IKEAなどに行くと、良い匂いのする花びらが入っているガラス容器があったりします。あの容器内に入っている乾燥した花びらがポプリです。ポプリには乾燥させた花びらなどに匂いをつけるドライポプリとアロマのようにボプリオイルを熱するリキッドポプリがあります。
以前に匂いつきのキャンドルやエッセンシャルオイルなどは猫には危険であるという記事を書きましたが、このポプリは猫には安全なのでしょうか?それとも危険なのでしょうか?
エッセンシャルオイルの有無
ドライポプリやリキッドポプリの香り付けにエッセンシャルオイルが使用されている場合があります。エッセンシャルオイルは猫が匂いを嗅ぐだけで、肝臓に悪影響を与えます。そのため、エッセンシャルオイルを使用しているポプリは猫には有害になります1)。
ドライポプリ
市販のドライポプリの多くにはエッセンシャルオイルが使用されていないことも多いです(必ず確認してください)。そのため、そこまで匂いについては問題はありません。しかし、猫がこのポプリを食べてしまうと問題です。匂いは猫の興味をそそるため、ポプリを探索します。その探索行動にて猫がポプリを食べてしまうことがあります。猫がポプリを吐き出すことができれば良いですが、吐き出せなかった場合には胃腸を傷つけてしまいます。

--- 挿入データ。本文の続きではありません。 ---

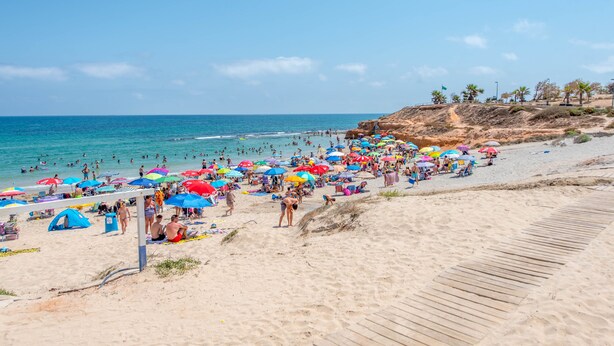 Ein belebter Strand mit vielen bunten Sonnenschirmen und Menschen, die Sand und Wasser genießen.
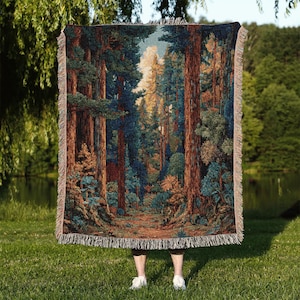 May include: A woven tapestry blanket depicting a forest scene with tall trees in shades of brown, green, and blue. The blanket has a fringed edge. The blanket is held up against a backdrop of green grass and a lake.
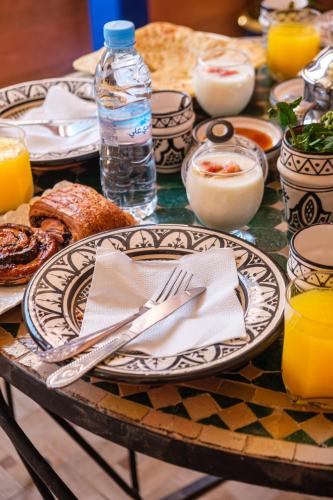 a table with plates of food and a bottle of water at Riad Mazouz102 Médina in Marrakech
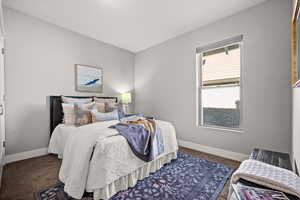 Bedroom with dark colored carpet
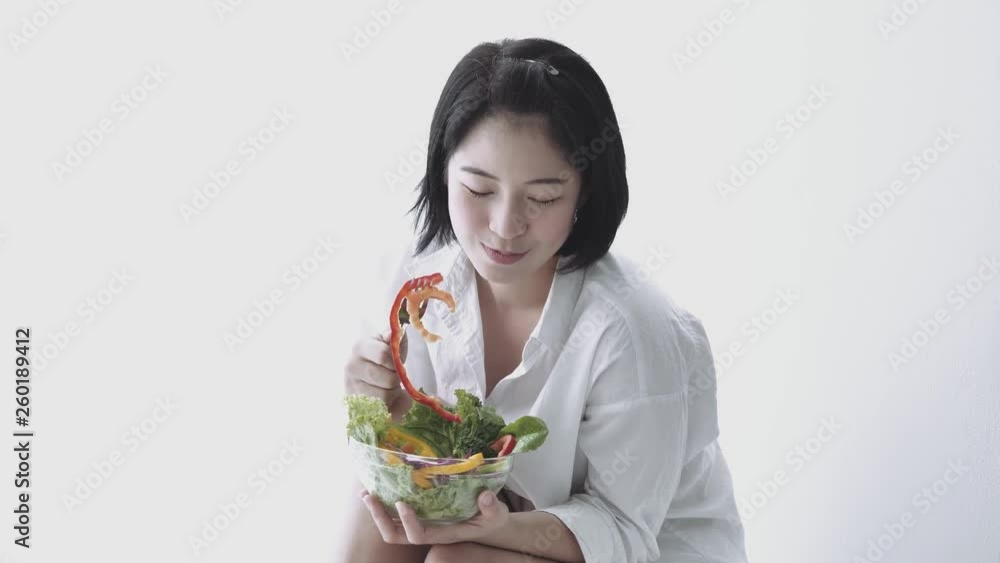 Asian woman eating salad in white living room Asian woman eating salad in white living room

ドライポプリを使用する際には猫の手が届かないところに置きましょう。また、ドライポプリを作る時にはエッセンシャルオイルは絶対に使用しないようにして下さい。
リキッドポプリ
海外ではポプリウォーマーなどを利用して、キャンドルなどでポプリオイルを熱することで、香りを室内に充満させ、リキッドポプリを楽しむことが多いです。しかし、こちらはドライポプリよりも危険です。

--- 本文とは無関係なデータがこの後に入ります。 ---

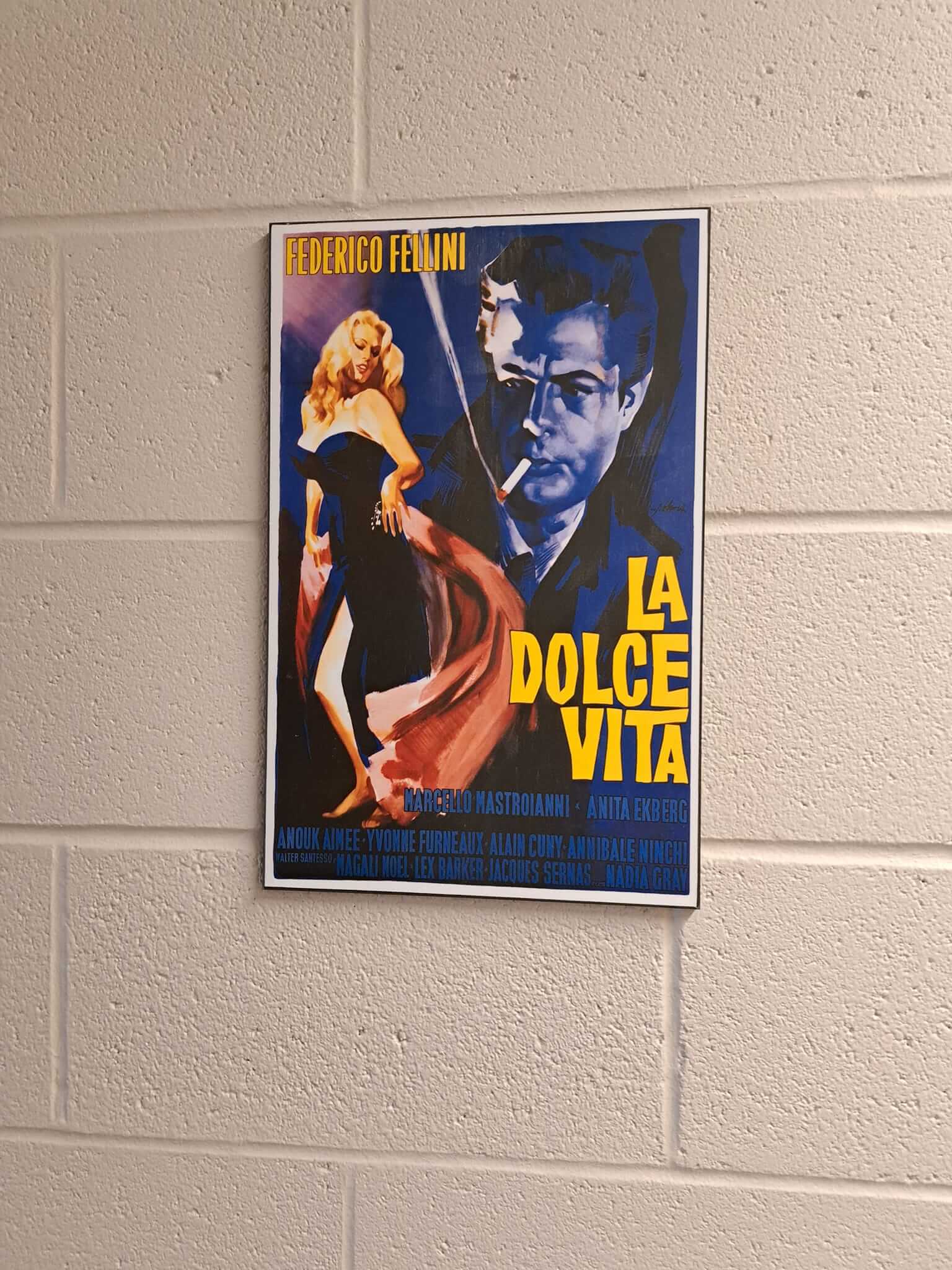 Retro movie poster for 'La Dolce Vita' with bold colors on a brick wall.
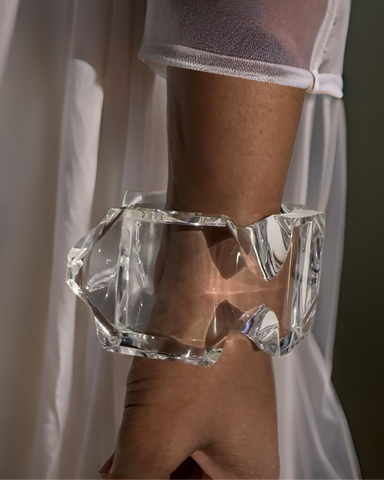 A clear, chunky Nik Spruill Liquid Lucite Infinity Cuff Bracelet shaped like a crystal adorns a person's wrist, seen against the backdrop of sheer, white fabric.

リキッドポプリを使用していると、当然猫が探索を始め、ポプリオイルを手で触ったり、体を擦りつけたりします。この時点で化学的な炎症が起こります。また、猫が毛づくろいすると、それらのポプリオイルが猫の口や目に入り、とても危険な状態になります。その原因となる化学物質が陽イオン界面活性剤になります。
陽イオン界面活性剤
ポプリオイルには柔軟剤などでよく使用される陽イオン界面活性剤が含まれています。猫が陽イオン界面活性剤に触れると数時間で皮膚に炎症が起こり、皮膚に発赤や痛み、潰瘍などが認められるようになります2)。
猫が陽イオン界面活性剤を口にすると、数時間で口や舌、咽頭、食道、肺などの粘膜に炎症が起こります。神経系にも作用し、うつ状態を引き起こすことも知られています。このため、口内炎や胃潰瘍、唾液の過剰分泌、呼吸困難、うつなどが症状として観察されます2)。

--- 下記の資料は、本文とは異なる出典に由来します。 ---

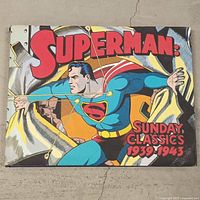 Front cover of the hardcover book showing Superman in a blue suit with red cape breaking through a wall, titled 'Superman Sunday Classics 1939-1943'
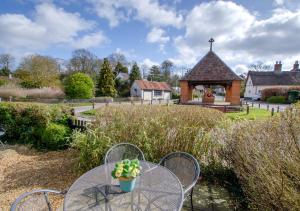 a table and chairs with a gazebo in a garden at Apple Tree Cottage in Poringland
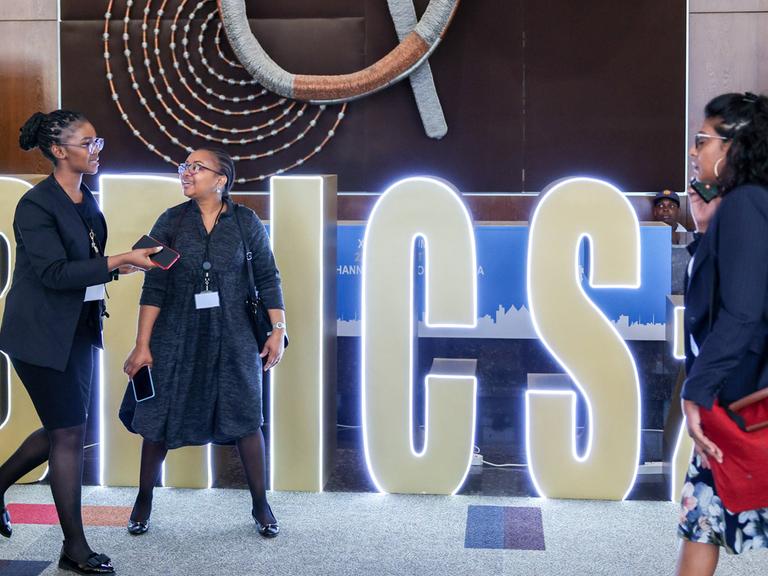 In einem Konferenzgebäude ist im Hintergrund der Schriftzug BRICS zu lesen; davor laufen drei Frauen vorbei und telefonieren teils; 22. August 2023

また、毛づくろいの際に目に入ることが多く、その際には角膜に炎症が起こるため、目に激痛が走ります2)。
まとめ
ドライポプリは猫の届かないところで使用すれば問題ありません。リキッドポプリについては万が一のことを考えると猫を飼っている家庭での使用は避けた方が良いかもしれません。また、ポプリの種類にかかわらず、エッセンシャルオイルが使用されているポプリは匂いも有害ですので購入の際には注意しましょう。
参考文献
1) POISINDEX® editorial staff: Cationic detergents (Toxicologic Managements). POISINDEX® System, Vol. 100 (B.H. Rumack et al., eds.). MICROMEDEX, Englewood, Colo., expires 12/99.
2) Kore, A.M. et al.: Toxicology of household cleaning products and disinfectants. Vet. Clin. North Am. (Small Anim. Pract.) 20 (2): 525-537; 1990.